3. First Battle of Bull Run (1861) -

#3 First Battle of Bull Run (1861) -

The First Battle of Bull Run took place on July 21st in Fairfax County and Prince William County by the city of Manassas, Virginia. The battle was one of the first to take place during the war and is the most well known early battle due to the fact that it was the first major land-based confrontation. The Union forces under Brigadier General Irvin McDowell (1818-85) were 28,400 strong, while the Confederate forces under Brigadier General P.G.T. Beauregard and General Joseph E. Johnston (1807-91) were 30,800 strong. Going into to the battle Union forces had high hopes of routing the rebels and putting a quick end to the war. The battle went back and forth between the Confederates and Union troops until Johnston's reinforcements arrived. This lead to a rout of the Union army, a major Confederate victory and dashed northern hopes of the war coming to a quick conclusion. The battle resulted in 2,700 Union casualties and 2,200 Confederate casualties.

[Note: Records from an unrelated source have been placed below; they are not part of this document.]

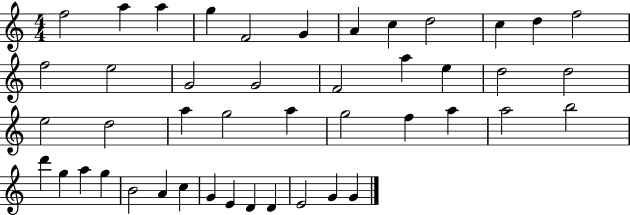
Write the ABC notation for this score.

X:1
T:Untitled
M:4/4
L:1/4
K:C
f2 a a g F2 G A c d2 c d f2 f2 e2 G2 G2 F2 a e d2 d2 e2 d2 a g2 a g2 f a a2 b2 d' g a g B2 A c G E D D E2 G G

2. Battle of Appomattox Station and Court House (1865) -

#2 Battle of Appomattox Station and Court House (1865) -

The Battle of Appomattox Station and Court House took place on April 9th and was one of the final battles of the American Civil War. The Union Army led by Grant was 120,000 men strong, completely outnumbering Lee's Confederate army of only 30,000. Two days before the battle Lee had received a letter from Grant requesting his surrender but he refused. Lee was hopeful that his men could get to Lynchburg while fending off the Union calvary before any infantry showed up. After early fighting Lee received reports of Union infantry and decided to surrender to Grant since there was no reason to keep retreating. After correspondence Lee and Grant met to discuss surrender terms shortly after midday, effectively but not officially ending the American Civil War. The casualties on both sides of this battle were light, with 260 Union casualties and 440 Confederate.

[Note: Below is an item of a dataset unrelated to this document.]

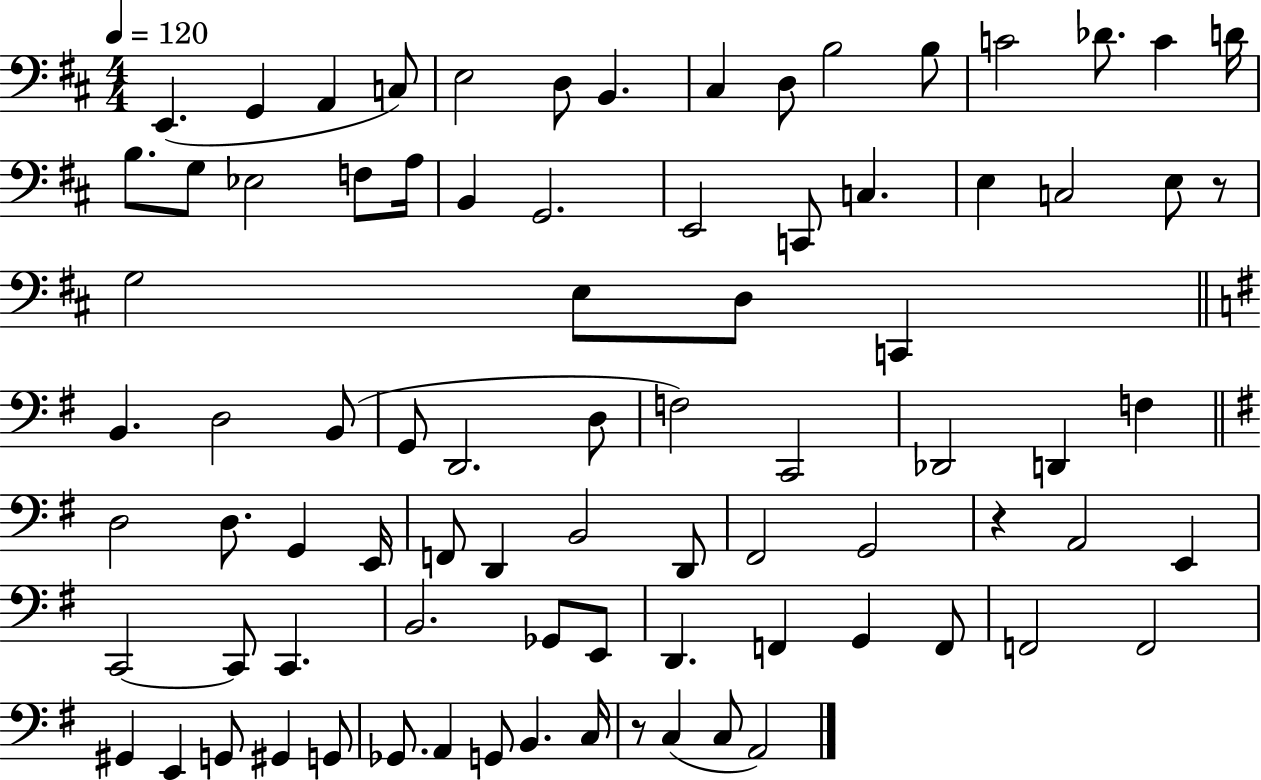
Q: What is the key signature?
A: D major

1. Battle of Gettysburg (1863) -

#1 Battle of Gettysburg (1863) -

The Battle of Gettysburg was fought between July 1st and 3rd in Adams Country, Pennsylvania near the town of Gettysburg. The Union army was commanded by Major General George G. Meade (1815-72) and was 82,289 men strong, while the Confederate army was commanded by Robert E. Lee and was 75,000 men strong. The battle of Gettysburg was the culmination of Lee's Gettysburg Campaign in order to try and obtain badly needed supplies, undermine northern morale and encourage anti-war action in the north. What resulted from this campaign however was the largest and deadliest battle of the American Civil War, with 23,049 Union casualties and 28,063 Confederate casualties. Following his defeat Lee retreated back to Virginia with his army but would never invade the north again and would be pushed back towards Richmond for the remainder of the war. The aftermath of Gettysburg was a turning point in the war as the loss of the battle, along with the Confederate surrender at Vicksburg the following day is seen as the turning point in the war that would lead to victory by the Union. Months after the battle Lincoln would deliver his Gettysburg Address at the dedication of the Soldiers' National Cemetery in Gettysburg, one of the best known speeches in American history.